▼
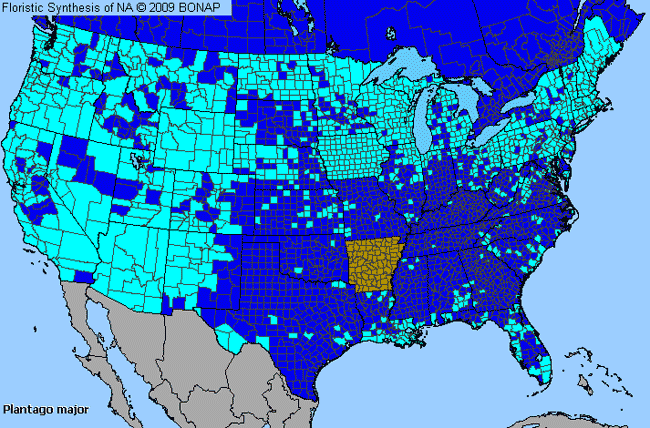 Allergies By County Map For Great Plantain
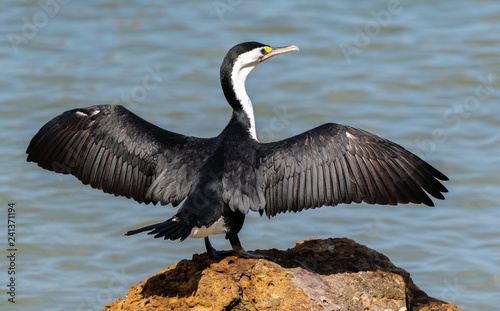 A Pied Shag Showing off Its Wingspan While Sunning 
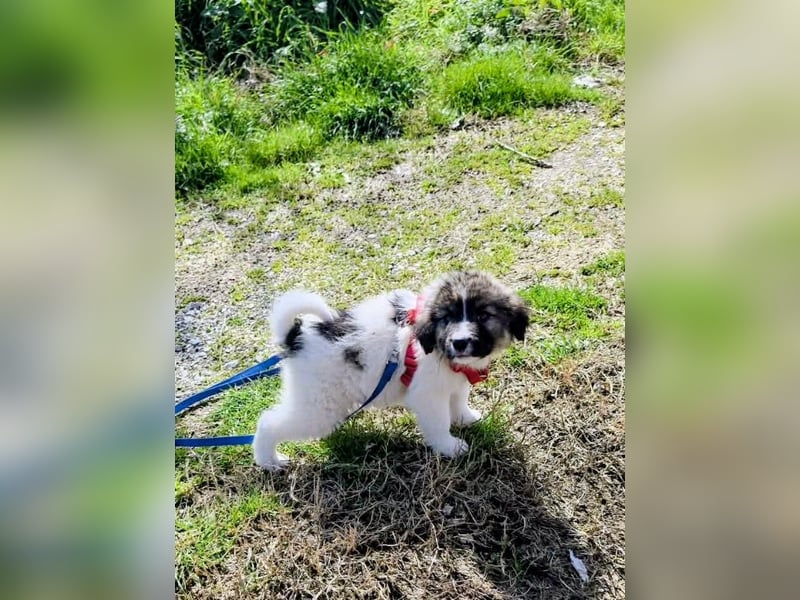 Arlo wünscht sich ein großes Körbchen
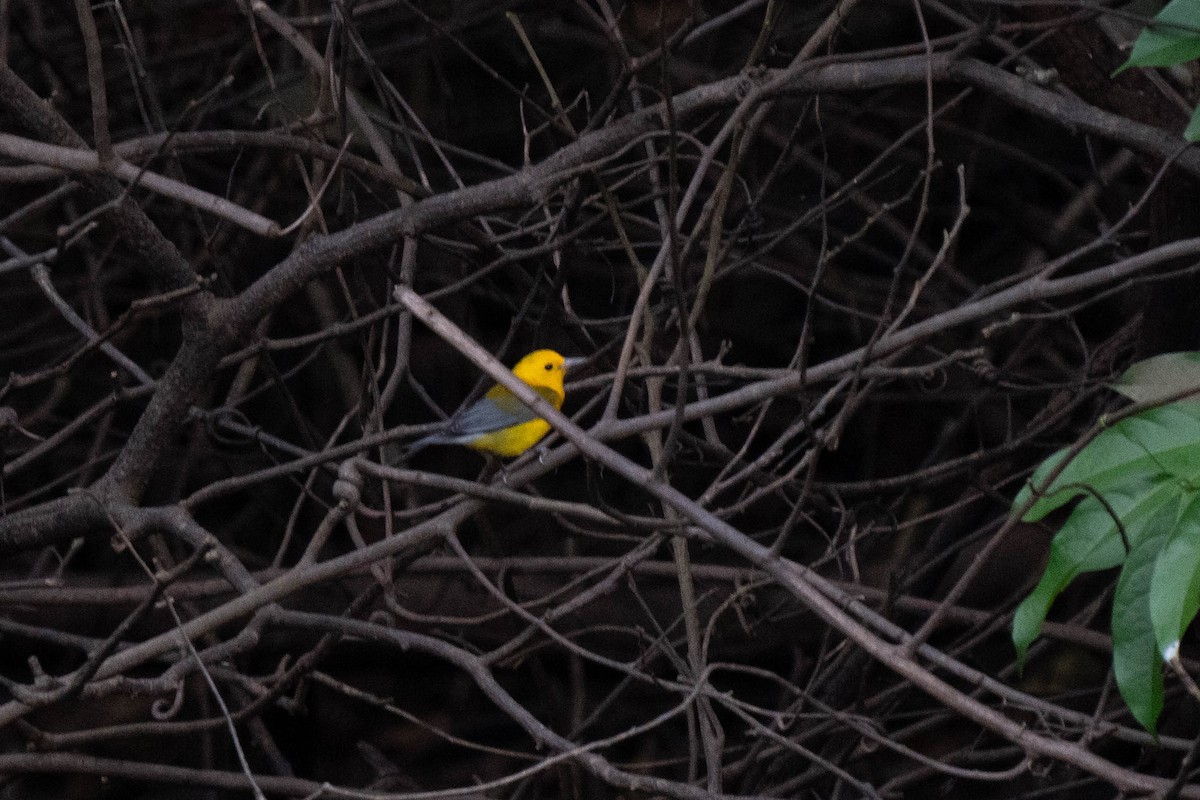 Prothonotary Warbler - ML620423478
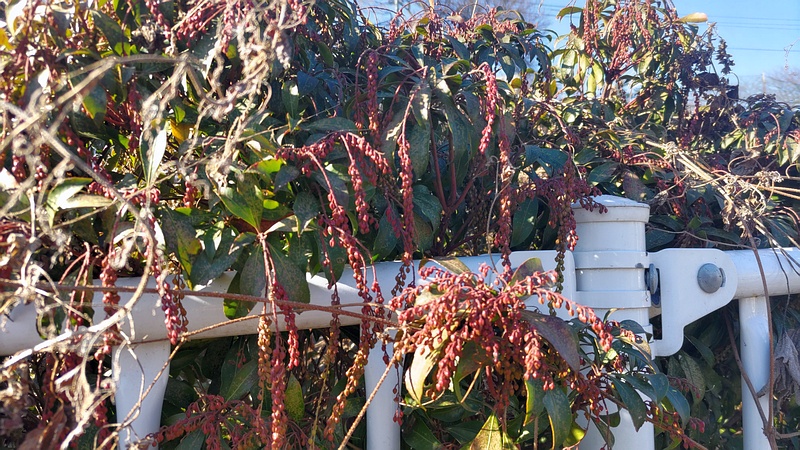 アセビの蕾 横浜市旭区今宿南町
▲
**Exercise description:** Every entry above needs to be copied exactly, apart from its pictures.

**Solved exercise:**
 Allergies By County Map For Great Plantain
 A Pied Shag Showing off Its Wingspan While Sunning 
 Arlo wünscht sich ein großes Körbchen
 Prothonotary Warbler - ML620423478
 アセビの蕾 横浜市旭区今宿南町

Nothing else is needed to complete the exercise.